On 21 January 2003, 1st FSSG FWD was redesigned as Brigade Service Support Group 1 (BSSG 1). Colonel J. D. Grelson was the first Commanding Officer of BSSG 1. In preparation of the Invasion of Iraq, BSSG 1 deployed to Kuwait. CLR-17 supported the March to Baghdad, the defining event of Operation Iraqi Freedom. CLR-17 returned in September 2003, earning a presidential unit citation.

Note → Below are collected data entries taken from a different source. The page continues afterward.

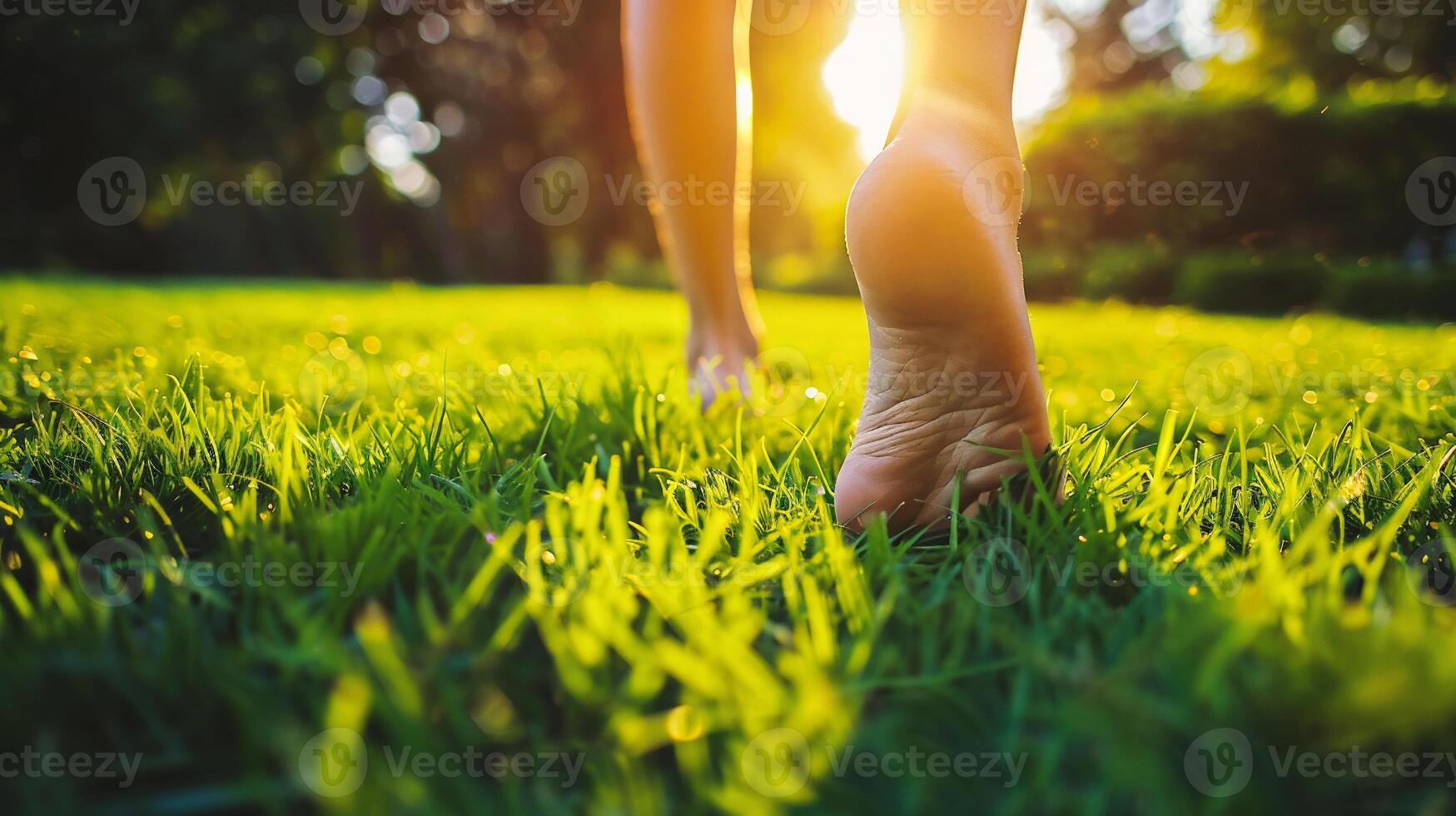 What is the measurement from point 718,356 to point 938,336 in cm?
72

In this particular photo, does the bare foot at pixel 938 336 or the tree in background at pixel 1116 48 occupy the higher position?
the tree in background at pixel 1116 48

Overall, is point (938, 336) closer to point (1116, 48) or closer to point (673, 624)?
point (673, 624)

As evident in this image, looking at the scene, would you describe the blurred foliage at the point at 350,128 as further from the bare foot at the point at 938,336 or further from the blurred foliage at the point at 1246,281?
the bare foot at the point at 938,336

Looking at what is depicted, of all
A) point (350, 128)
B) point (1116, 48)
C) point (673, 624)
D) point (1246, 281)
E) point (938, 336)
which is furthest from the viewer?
point (1116, 48)

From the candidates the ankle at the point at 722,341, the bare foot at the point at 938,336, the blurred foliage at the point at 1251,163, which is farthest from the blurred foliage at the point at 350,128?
the bare foot at the point at 938,336

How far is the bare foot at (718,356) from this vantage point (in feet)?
5.11

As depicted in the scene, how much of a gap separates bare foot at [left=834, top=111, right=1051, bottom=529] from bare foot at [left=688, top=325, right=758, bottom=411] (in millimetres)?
598

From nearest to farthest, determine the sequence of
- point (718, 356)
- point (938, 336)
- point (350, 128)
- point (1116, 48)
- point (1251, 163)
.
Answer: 1. point (938, 336)
2. point (718, 356)
3. point (1251, 163)
4. point (350, 128)
5. point (1116, 48)

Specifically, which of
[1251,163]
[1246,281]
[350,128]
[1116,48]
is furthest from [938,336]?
[1116,48]

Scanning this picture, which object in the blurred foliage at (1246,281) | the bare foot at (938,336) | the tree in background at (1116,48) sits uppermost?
the tree in background at (1116,48)

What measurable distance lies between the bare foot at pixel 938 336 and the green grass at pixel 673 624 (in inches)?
2.8

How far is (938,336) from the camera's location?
951 mm

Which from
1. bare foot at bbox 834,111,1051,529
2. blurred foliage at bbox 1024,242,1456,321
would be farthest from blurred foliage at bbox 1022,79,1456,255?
bare foot at bbox 834,111,1051,529

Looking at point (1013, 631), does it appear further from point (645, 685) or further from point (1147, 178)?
point (1147, 178) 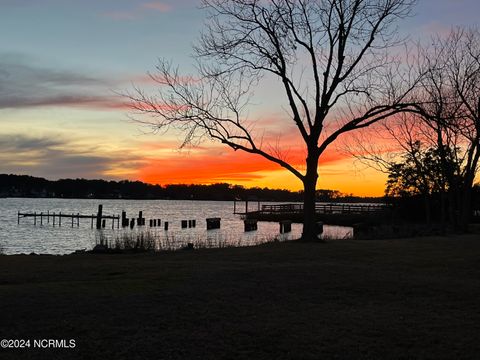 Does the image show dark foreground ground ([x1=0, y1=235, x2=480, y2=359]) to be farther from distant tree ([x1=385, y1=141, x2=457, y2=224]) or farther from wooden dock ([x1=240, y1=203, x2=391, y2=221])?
wooden dock ([x1=240, y1=203, x2=391, y2=221])

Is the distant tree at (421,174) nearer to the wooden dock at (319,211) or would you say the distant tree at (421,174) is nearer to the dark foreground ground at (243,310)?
the wooden dock at (319,211)

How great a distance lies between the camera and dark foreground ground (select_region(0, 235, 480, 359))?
6.55 m

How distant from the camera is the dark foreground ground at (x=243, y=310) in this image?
6555 millimetres

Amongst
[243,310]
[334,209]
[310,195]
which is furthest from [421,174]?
[334,209]

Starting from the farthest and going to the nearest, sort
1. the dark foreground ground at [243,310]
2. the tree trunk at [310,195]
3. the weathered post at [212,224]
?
the weathered post at [212,224]
the tree trunk at [310,195]
the dark foreground ground at [243,310]

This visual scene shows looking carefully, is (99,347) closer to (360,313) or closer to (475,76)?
(360,313)

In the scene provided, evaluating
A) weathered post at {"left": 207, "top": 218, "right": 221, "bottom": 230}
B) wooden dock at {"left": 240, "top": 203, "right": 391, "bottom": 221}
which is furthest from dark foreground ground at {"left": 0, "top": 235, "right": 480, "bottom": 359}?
wooden dock at {"left": 240, "top": 203, "right": 391, "bottom": 221}

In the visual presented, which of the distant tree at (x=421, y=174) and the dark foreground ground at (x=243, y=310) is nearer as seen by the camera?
the dark foreground ground at (x=243, y=310)

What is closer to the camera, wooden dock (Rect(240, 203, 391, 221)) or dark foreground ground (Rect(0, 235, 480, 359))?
dark foreground ground (Rect(0, 235, 480, 359))

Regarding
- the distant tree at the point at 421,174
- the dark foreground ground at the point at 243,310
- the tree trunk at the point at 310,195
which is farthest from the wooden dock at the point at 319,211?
the dark foreground ground at the point at 243,310

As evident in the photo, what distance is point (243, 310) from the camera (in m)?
8.45

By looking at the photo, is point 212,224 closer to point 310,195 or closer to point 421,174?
point 421,174

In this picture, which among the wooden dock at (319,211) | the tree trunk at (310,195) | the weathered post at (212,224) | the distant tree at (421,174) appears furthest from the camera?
the wooden dock at (319,211)

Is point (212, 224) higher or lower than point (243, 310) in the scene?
lower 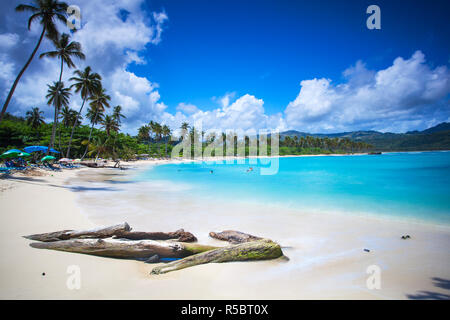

Combat Logistics Regiment 17 began on 31 Mar 2006, in the midst of Operation Iraqi Freedom II 05-07. Colonel David M. Richtsmeier was the first commanding officer of CLR-17. CLR-17 served in Operation Iraqi Freedom from 2006 to 2007. CLR-17 sent Marines and Sailors to Afghanistan in support of Operation Enduring Freedom in 2010 as well as in 2012. CLR-17 continues to send Marines and Sailors in support of Operation Enduring Freedom.

On 31 March 2014, Combat Logistics Regiment 17 was redesignated as Headquarters Regiment, 1st Marine Logistics Group – the name change was reversed in 2018.